What I would change if I saw your database

This post briefly covers the history of databases, transaction fundamentals, and then proceeds to explain what I would change if I saw your database. It is highly-opinionated, and based on decades of experience in working with relational databases.

History

The term relational database was Invented by E. F. Codd at IBM in 1970 in his paper “A Relational Model of Data for Large Shared Data Banks.” The first commercially available RDBMS was Oracle, released in 1979 by Relational Software, now Oracle Corporation. Currently, the most popular relational databases are: Oracle, MySql, Microsoft SQL Server, PostgreSQL, DB2, SQLite, Sybase. They all use a variant of SQL. My personal favorite database is PostreSQL. It is free, open-source, and most faithfully implements ANSI-SQL.

Relational Databases Today

The relational database can provide the right persistence solution for most business needs. They are extraordinarily fast and reliable. They can manage petabyte scale data. There are plenty of tools written for them. They are simple to use. Right or wrong, they are also one of the most common enterprise integration patterns.

The Advent of NoSQL

What about NoSQL?

NoSQL solutions provide a viable alternative persistence solution, depending on your needs.

Many NoSQL solutions are distributed by design, thus horizontally scalable. They often compromise consistency (CAP theorem) in favor of availability, partition tolerance, and speed.

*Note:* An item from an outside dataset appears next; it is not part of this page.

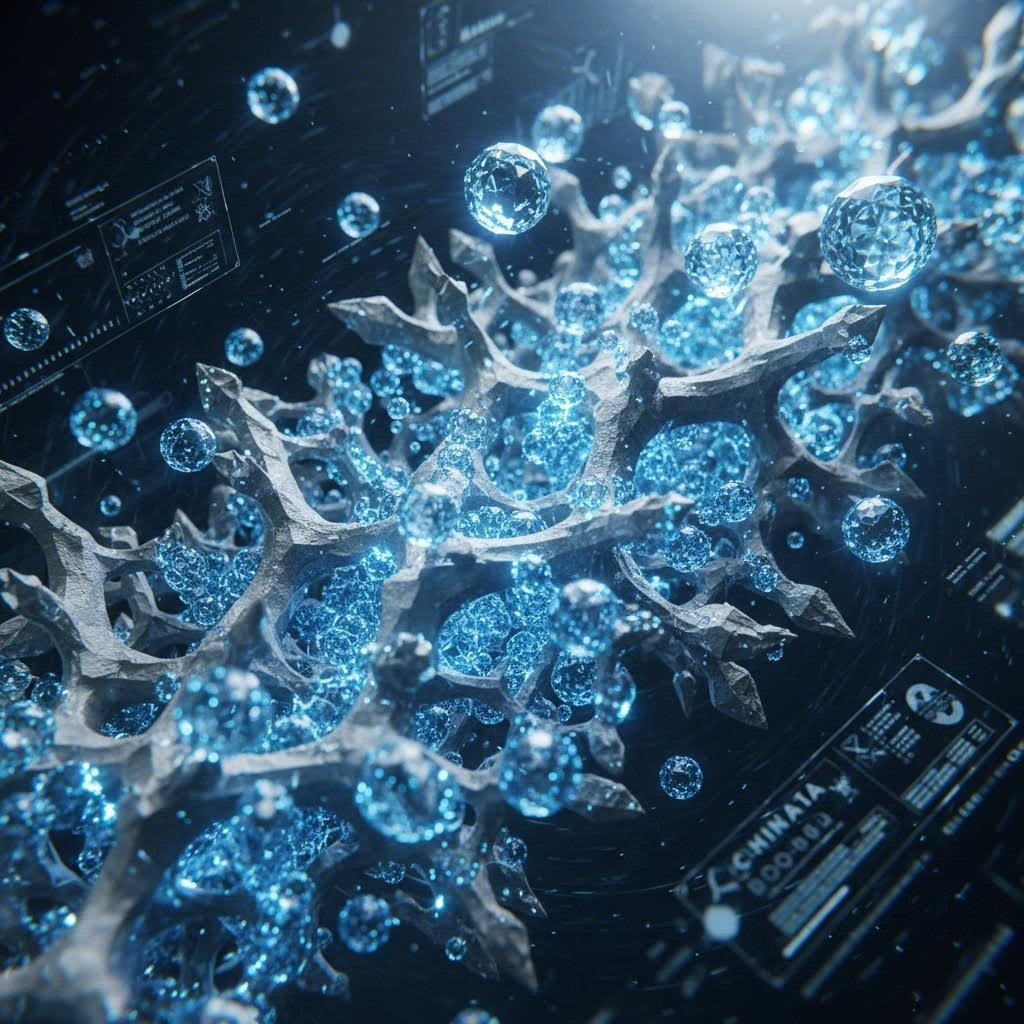 Abstract microscopic view of the chemical hydration and curing process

Examples of the different types of NoSQL solutions are:

  • Key Value Store (Riak, Memcached)
  • Data-Structure Store (Redis)
  • Big Table or Column Store (Cassandra, HBase)
  • Document Store (Couchbase, Lucene, MongoDB)

Ironically, most NoSQL solutions have an SQL like interface.

When to use RDBMS

The RDBMS is the right choice for a very wide variety of use cases, such as when:

  • Data is inherently relational.
  • Data is tabular.
  • Data is user-generated (as opposed to machine generated).
  • You need a standard interface such as SQL used by business people or multiple applications.
  • Your application fits into the 99.9% of the applications that can perform and scale perfectly with a RDBMS*.
  • Your application truly needs ACID.

Fundamentals

Transactions

A transaction is a group of SQL statements that are a logical unit of work attributed to one connection. Most RDBS support transactions.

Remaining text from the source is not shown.